Wiesel’s memoir “Night” has been included in the freshman curriculum this year and is viewed by English teacher Ryan Mooney as valuable in teaching young people about the Holocaust.

“I think that Ellie Wiesel put it better than I could when he said that it’s about bearing witness to history and bearing witness to a very difficult topic to talk about,” Mooney said, explaining why he teaches this book. “That’s very important to both understanding human responses to tragedy and understanding history.”

Primary sources like “Night” are an important tool in helping students understand emotional and contested pieces of history like the Holocaust. Education and understanding are the best weapons with which society can arm itself against Holocaust denial.
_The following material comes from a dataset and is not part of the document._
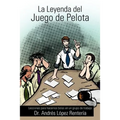 La Leyenda del Juego de Pelota: Lecciones Para Hacernos Bolas En Un Grupo de Trabajo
But what can we do when an adult in a serious position of power displays anti-Semitic views that contradict fact?

“I don’t even acknowledge them,” Mooney said, regarding politicians like Jones. “At least in my response to that, there’s a lot of books that we teach that have pretty vitriolic responses, criticisms and discrediting claims or really libelous claims, and I don’t think you should feed that fire. And the best way to deal with that is to just verify the person, to bring in more voices that support what Wiesel said and to not give airtime to the odious and hateful anti-Semitism against them.”

And while ignoring anger until it simmers down is appealing and practical in the specific case of Arthur Jones, angrily denying that the Holocaust happened is revealing of a deeper societal issue.

We live in a world where hate can cloud the judgement of entire groups of people, at a time when impulsive emotional response trumps carefully proven fact, and when it feels easier to hurt people than to hear them.

All society can do, what it must do, is strive to cure others of their ignorance through the voices of Wiesel and the millions of others affected by the Holocaust.